=== Exercise directions ===
Go to the line with "Hey guys, welcome" in the records below, then output it and each following line exactly, up to and including the line with "I'm showing you". Skip pictures and add nothing.
(Extracted entries Opens)
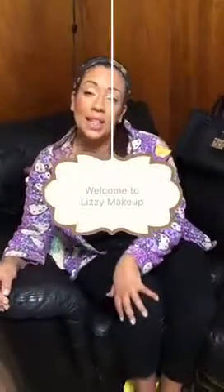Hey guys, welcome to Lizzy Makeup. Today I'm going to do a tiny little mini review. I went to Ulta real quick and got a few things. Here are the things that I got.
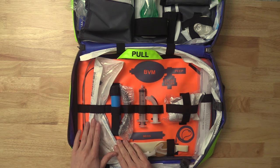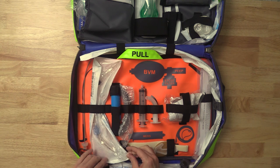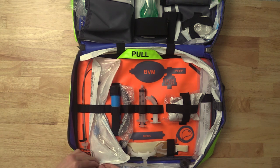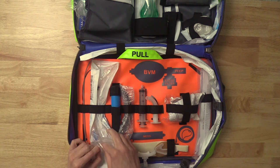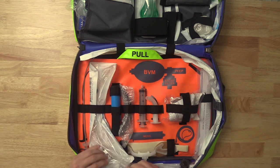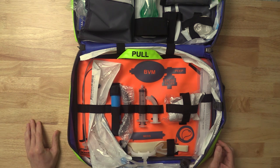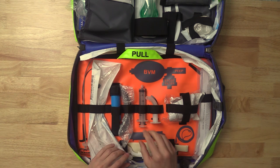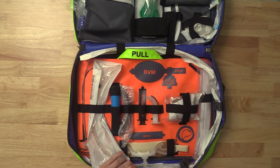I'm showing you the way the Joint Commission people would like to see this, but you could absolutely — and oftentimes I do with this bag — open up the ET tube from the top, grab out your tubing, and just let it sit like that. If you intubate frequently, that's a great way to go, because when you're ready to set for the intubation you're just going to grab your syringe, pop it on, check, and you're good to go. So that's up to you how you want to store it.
(Extracted entries Closes)
(Extracted entries Opens)
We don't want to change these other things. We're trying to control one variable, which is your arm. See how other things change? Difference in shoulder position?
(Extracted entries Closes)
(Extracted entries Opens)
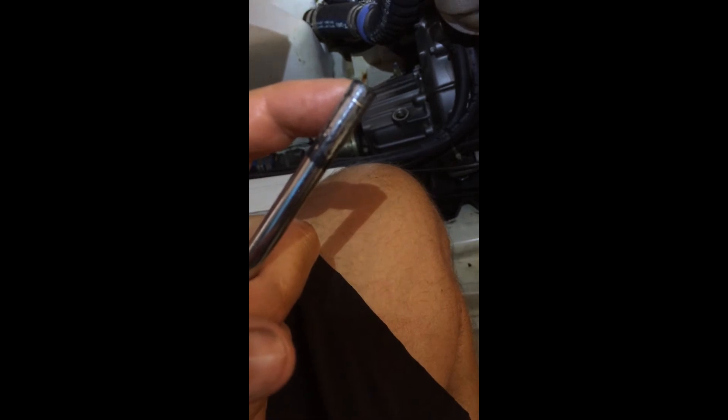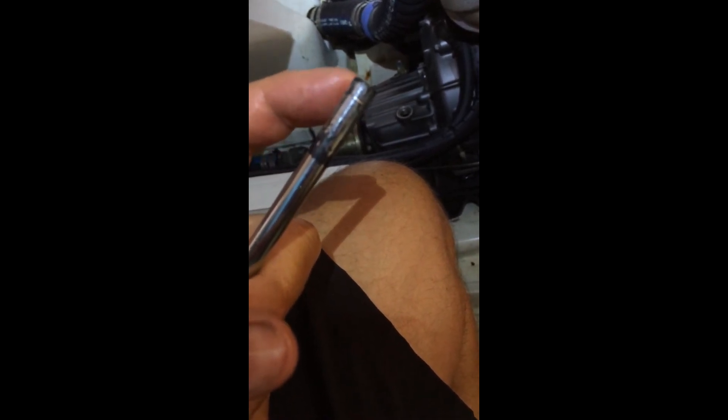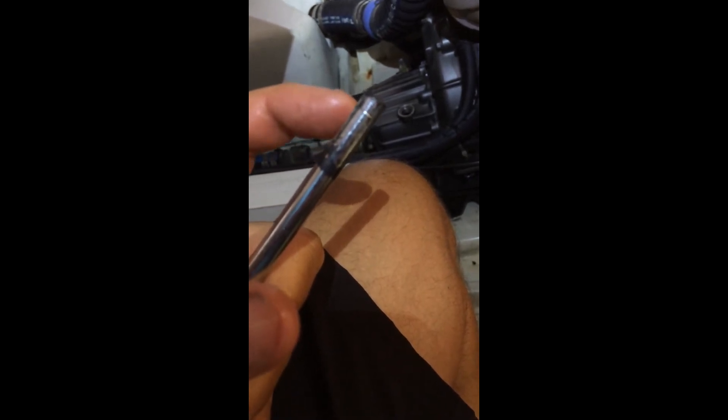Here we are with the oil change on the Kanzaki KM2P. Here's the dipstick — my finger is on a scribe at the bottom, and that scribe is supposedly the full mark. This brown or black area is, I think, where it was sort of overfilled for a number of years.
(Extracted entries Closes)
=== Answer to this problem ===
Hey guys, welcome to Lizzy Makeup. Today I'm going to do a tiny little mini review. I went to Ulta real quick and got a few things. Here are the things that I got.
I'm showing you the way the Joint Commission people would like to see this, but you could absolutely — and oftentimes I do with this bag — open up the ET tube from the top, grab out your tubing, and just let it sit like that. If you intubate frequently, that's a great way to go, because when you're ready to set for the intubation you're just going to grab your syringe, pop it on, check, and you're good to go. So that's up to you how you want to store it.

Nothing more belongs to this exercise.